Given records.
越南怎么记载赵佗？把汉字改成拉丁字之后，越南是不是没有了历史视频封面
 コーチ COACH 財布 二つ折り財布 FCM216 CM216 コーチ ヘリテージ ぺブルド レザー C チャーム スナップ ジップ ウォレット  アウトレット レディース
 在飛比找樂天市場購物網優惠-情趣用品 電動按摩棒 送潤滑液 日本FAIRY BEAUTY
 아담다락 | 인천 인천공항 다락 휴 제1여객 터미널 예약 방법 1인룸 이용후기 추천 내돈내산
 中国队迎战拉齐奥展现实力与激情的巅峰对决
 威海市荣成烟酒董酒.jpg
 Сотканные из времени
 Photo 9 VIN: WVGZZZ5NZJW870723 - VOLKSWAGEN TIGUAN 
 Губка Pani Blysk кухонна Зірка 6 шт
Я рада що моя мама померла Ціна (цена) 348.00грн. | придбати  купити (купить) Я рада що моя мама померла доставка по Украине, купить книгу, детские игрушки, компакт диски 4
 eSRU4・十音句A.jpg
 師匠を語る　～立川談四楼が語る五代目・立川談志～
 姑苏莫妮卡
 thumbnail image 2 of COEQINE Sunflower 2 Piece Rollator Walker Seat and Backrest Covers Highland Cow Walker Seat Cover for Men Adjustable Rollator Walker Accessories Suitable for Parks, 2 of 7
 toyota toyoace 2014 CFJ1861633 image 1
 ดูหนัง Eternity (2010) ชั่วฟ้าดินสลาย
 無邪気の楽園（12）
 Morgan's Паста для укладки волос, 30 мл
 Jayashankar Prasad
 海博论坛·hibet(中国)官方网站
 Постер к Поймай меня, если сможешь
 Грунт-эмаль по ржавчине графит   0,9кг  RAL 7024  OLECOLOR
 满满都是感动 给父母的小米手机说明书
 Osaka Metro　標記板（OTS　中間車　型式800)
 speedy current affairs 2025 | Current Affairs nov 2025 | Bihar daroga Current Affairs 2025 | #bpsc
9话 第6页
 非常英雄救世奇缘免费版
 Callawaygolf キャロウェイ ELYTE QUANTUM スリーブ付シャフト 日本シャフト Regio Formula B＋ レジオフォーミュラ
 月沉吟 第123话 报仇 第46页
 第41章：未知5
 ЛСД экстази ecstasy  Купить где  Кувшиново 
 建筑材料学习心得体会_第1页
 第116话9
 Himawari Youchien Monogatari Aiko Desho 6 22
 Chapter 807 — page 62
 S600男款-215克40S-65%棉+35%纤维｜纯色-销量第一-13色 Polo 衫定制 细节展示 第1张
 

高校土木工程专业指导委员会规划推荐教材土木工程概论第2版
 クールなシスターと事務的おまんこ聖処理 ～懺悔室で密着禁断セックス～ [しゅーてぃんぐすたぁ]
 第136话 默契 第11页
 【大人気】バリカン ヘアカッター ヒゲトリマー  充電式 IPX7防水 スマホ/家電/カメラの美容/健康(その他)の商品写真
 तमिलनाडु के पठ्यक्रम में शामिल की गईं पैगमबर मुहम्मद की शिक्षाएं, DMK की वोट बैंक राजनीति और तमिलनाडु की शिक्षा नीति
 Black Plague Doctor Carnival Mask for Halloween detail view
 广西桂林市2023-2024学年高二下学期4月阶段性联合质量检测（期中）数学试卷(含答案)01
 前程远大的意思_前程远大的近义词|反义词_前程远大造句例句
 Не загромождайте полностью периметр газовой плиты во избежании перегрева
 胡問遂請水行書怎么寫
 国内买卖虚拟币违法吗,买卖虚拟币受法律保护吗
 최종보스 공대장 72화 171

What you will do. Print the whole listing above exactly, please.

Problem solution.
越南怎么记载赵佗？把汉字改成拉丁字之后，越南是不是没有了历史视频封面
 コーチ COACH 財布 二つ折り財布 FCM216 CM216 コーチ ヘリテージ ぺブルド レザー C チャーム スナップ ジップ ウォレット  アウトレット レディース
 在飛比找樂天市場購物網優惠-情趣用品 電動按摩棒 送潤滑液 日本FAIRY BEAUTY
 아담다락 | 인천 인천공항 다락 휴 제1여객 터미널 예약 방법 1인룸 이용후기 추천 내돈내산
 中国队迎战拉齐奥展现实力与激情的巅峰对决
 威海市荣成烟酒董酒.jpg
 Сотканные из времени
 Photo 9 VIN: WVGZZZ5NZJW870723 - VOLKSWAGEN TIGUAN 
 Губка Pani Blysk кухонна Зірка 6 шт
Я рада що моя мама померла Ціна (цена) 348.00грн. | придбати  купити (купить) Я рада що моя мама померла доставка по Украине, купить книгу, детские игрушки, компакт диски 4
 eSRU4・十音句A.jpg
 師匠を語る　～立川談四楼が語る五代目・立川談志～
 姑苏莫妮卡
 thumbnail image 2 of COEQINE Sunflower 2 Piece Rollator Walker Seat and Backrest Covers Highland Cow Walker Seat Cover for Men Adjustable Rollator Walker Accessories Suitable for Parks, 2 of 7
 toyota toyoace 2014 CFJ1861633 image 1
 ดูหนัง Eternity (2010) ชั่วฟ้าดินสลาย
 無邪気の楽園（12）
 Morgan's Паста для укладки волос, 30 мл
 Jayashankar Prasad
 海博论坛·hibet(中国)官方网站
 Постер к Поймай меня, если сможешь
 Грунт-эмаль по ржавчине графит   0,9кг  RAL 7024  OLECOLOR
 满满都是感动 给父母的小米手机说明书
 Osaka Metro　標記板（OTS　中間車　型式800)
 speedy current affairs 2025 | Current Affairs nov 2025 | Bihar daroga Current Affairs 2025 | #bpsc
9话 第6页
 非常英雄救世奇缘免费版
 Callawaygolf キャロウェイ ELYTE QUANTUM スリーブ付シャフト 日本シャフト Regio Formula B＋ レジオフォーミュラ
 月沉吟 第123话 报仇 第46页
 第41章：未知5
 ЛСД экстази ecstasy  Купить где  Кувшиново 
 建筑材料学习心得体会_第1页
 第116话9
 Himawari Youchien Monogatari Aiko Desho 6 22
 Chapter 807 — page 62
 S600男款-215克40S-65%棉+35%纤维｜纯色-销量第一-13色 Polo 衫定制 细节展示 第1张
 

高校土木工程专业指导委员会规划推荐教材土木工程概论第2版
 クールなシスターと事務的おまんこ聖処理 ～懺悔室で密着禁断セックス～ [しゅーてぃんぐすたぁ]
 第136话 默契 第11页
 【大人気】バリカン ヘアカッター ヒゲトリマー  充電式 IPX7防水 スマホ/家電/カメラの美容/健康(その他)の商品写真
 तमिलनाडु के पठ्यक्रम में शामिल की गईं पैगमबर मुहम्मद की शिक्षाएं, DMK की वोट बैंक राजनीति और तमिलनाडु की शिक्षा नीति
 Black Plague Doctor Carnival Mask for Halloween detail view
 广西桂林市2023-2024学年高二下学期4月阶段性联合质量检测（期中）数学试卷(含答案)01
 前程远大的意思_前程远大的近义词|反义词_前程远大造句例句
 Не загромождайте полностью периметр газовой плиты во избежании перегрева
 胡問遂請水行書怎么寫
 国内买卖虚拟币违法吗,买卖虚拟币受法律保护吗
 최종보스 공대장 72화 171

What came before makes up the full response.